Testing Technologies#
-
Automated Testing
- UI Automation: Appium (cross-platform), Espresso (Android), XCUITest (iOS).
- Interface Automation: RestAssured, Python Requests.
- Performance Automation: JMeter, LoadRunner.
-
Cloud Testing Platforms
- Use platforms like AWS Device Farm, Sauce Labs for parallel testing across multiple devices.
-
Monkey Testing
- Detect crashes and ANR through random events (clicks, swipes) (tools: Android ADB Monkey).
-
A/B Testing
- Compare user behavior data across different versions to optimize feature design (tools: Firebase A/B Testing).
-
Code Static Analysis
- Use Lint tools to detect code standards, memory leaks, and potential crashes.
-
Network Simulation Tools
- Simulate weak networks, delays, packet loss (tools: Network Link Conditioner, Charles Proxy).
Testing Environment#
-
Hardware Environment
- Real devices covering mainstream brands (e.g., iPhone, Huawei, Samsung) and different configurations (CPU, memory).
- Emulators/virtual machines: Android Studio Emulator, iOS Simulator.
-
Software Environment
- Operating Systems: Android (different versions and custom ROMs), iOS (latest and old versions).
- Third-party dependencies: SDK versions (e.g., Google Play Services), database compatibility.
-
Network Environment
- Test different network types (Wi-Fi, 4G/5G), weak networks (2G/high latency), and offline scenarios.
-
Data Environment
- Prepare test data: normal data, abnormal data (e.g., overly long text, special characters).

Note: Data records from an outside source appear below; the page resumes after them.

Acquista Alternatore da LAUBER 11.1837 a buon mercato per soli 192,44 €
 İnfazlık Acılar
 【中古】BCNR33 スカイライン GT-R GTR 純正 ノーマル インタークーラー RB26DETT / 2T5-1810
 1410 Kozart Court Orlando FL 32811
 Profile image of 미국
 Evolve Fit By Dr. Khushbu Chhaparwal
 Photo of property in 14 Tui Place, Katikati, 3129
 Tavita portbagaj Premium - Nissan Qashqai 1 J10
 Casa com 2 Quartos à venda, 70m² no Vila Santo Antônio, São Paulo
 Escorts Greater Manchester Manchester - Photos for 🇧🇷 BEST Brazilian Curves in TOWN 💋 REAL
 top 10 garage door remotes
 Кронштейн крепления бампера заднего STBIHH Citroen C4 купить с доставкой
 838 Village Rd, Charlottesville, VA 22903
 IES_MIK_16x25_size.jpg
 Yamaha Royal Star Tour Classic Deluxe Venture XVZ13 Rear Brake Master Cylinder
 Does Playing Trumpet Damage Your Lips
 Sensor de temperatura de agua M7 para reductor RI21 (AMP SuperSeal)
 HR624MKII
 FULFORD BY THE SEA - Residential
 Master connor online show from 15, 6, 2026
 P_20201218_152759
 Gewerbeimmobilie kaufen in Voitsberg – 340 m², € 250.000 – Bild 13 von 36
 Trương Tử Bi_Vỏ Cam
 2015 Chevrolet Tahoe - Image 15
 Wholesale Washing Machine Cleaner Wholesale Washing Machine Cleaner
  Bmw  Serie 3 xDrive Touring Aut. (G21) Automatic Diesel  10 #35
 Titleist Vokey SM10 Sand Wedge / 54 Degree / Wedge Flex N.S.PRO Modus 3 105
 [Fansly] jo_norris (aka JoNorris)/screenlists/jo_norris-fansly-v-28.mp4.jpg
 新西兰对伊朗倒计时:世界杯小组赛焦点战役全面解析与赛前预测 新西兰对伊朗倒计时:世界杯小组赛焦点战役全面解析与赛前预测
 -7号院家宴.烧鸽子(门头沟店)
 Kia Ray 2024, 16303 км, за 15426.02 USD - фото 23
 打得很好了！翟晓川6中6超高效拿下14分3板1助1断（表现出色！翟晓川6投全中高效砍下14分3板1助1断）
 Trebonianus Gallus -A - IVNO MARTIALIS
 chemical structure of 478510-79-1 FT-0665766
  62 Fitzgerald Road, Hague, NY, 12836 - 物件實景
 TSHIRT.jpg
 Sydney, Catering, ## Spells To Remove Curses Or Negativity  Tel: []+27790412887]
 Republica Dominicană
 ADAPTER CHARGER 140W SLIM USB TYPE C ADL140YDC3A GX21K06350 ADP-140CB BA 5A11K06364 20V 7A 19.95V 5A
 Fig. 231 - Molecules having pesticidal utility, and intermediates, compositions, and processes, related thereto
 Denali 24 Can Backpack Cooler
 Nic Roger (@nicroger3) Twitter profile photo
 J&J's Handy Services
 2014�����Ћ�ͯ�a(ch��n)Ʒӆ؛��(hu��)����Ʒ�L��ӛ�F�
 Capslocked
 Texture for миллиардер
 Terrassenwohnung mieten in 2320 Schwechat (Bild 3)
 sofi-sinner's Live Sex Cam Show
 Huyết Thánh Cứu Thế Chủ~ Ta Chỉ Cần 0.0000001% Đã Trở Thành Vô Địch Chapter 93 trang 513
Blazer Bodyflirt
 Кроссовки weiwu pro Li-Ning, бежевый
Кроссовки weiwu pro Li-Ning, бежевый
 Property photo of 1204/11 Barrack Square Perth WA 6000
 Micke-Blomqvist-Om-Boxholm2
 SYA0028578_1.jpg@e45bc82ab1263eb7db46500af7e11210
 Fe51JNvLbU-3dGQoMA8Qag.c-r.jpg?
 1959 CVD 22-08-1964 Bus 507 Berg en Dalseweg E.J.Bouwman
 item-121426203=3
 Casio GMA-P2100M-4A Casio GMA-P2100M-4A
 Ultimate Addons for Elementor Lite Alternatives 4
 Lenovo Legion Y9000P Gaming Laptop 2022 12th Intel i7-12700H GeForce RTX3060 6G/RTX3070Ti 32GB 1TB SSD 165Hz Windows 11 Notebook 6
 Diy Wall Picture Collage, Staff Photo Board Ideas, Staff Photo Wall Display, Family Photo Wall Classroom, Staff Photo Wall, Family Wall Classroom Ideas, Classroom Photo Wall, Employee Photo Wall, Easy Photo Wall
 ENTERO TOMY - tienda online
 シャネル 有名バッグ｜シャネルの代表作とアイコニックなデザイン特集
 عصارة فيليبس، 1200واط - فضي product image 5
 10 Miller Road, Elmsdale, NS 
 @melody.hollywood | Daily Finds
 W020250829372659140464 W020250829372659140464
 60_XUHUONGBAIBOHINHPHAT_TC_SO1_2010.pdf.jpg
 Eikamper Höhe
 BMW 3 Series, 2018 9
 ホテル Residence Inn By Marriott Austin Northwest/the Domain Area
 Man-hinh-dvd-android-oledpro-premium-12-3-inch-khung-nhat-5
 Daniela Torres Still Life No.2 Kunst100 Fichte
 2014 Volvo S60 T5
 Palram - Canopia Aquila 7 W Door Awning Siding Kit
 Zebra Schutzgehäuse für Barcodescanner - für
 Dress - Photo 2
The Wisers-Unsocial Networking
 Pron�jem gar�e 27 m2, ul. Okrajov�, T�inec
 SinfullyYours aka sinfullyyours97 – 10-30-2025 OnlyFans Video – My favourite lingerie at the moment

- Data isolation: avoid test data contaminating the production environment.
-
Continuous Integration (CI) Environment
- Integrate tools like Jenkins, GitLab CI to achieve automated build → test → report processes.
-
Security Testing Environment
- Set up a sandbox environment to simulate man-in-the-middle attacks, data tampering, and other security threats.